- [TASK INPUTS]:
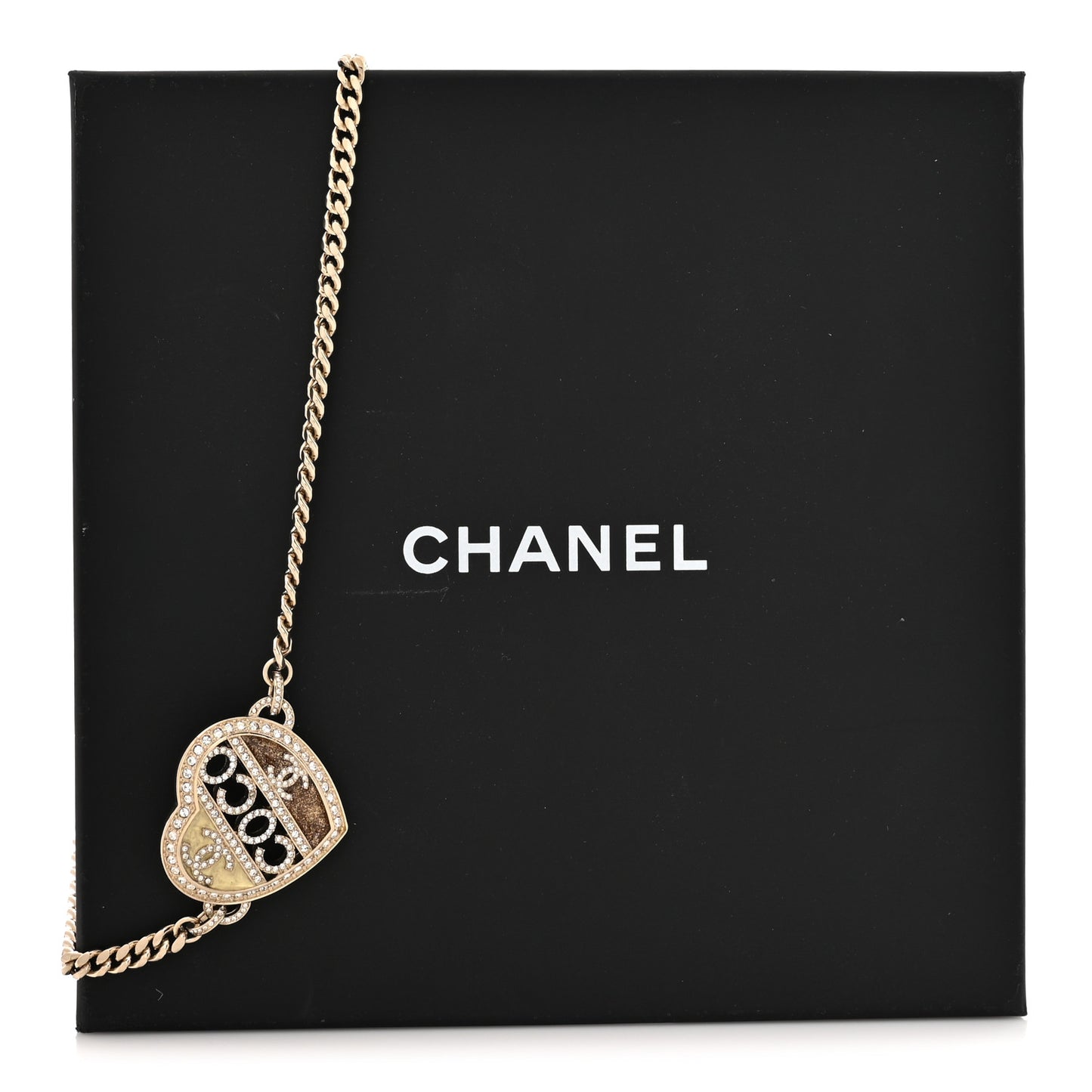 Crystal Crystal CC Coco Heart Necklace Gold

...

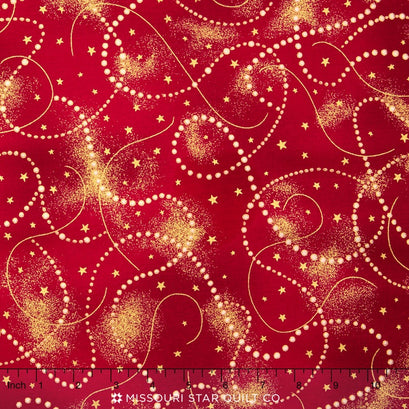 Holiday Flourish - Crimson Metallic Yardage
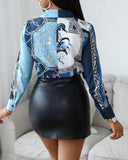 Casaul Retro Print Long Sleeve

- [YOUR INSTRUCTIONS]:
Restate word for word the lines of the data above that begin at the line with "Holiday Flourish - Crimson Metallic Yardage" and end at the line with "Casaul Retro Print Long Sleeve", keeping both ends and dropping every picture.

- [THE COMPLETED TASK]:
 Holiday Flourish - Crimson Metallic Yardage
 Casaul Retro Print Long Sleeve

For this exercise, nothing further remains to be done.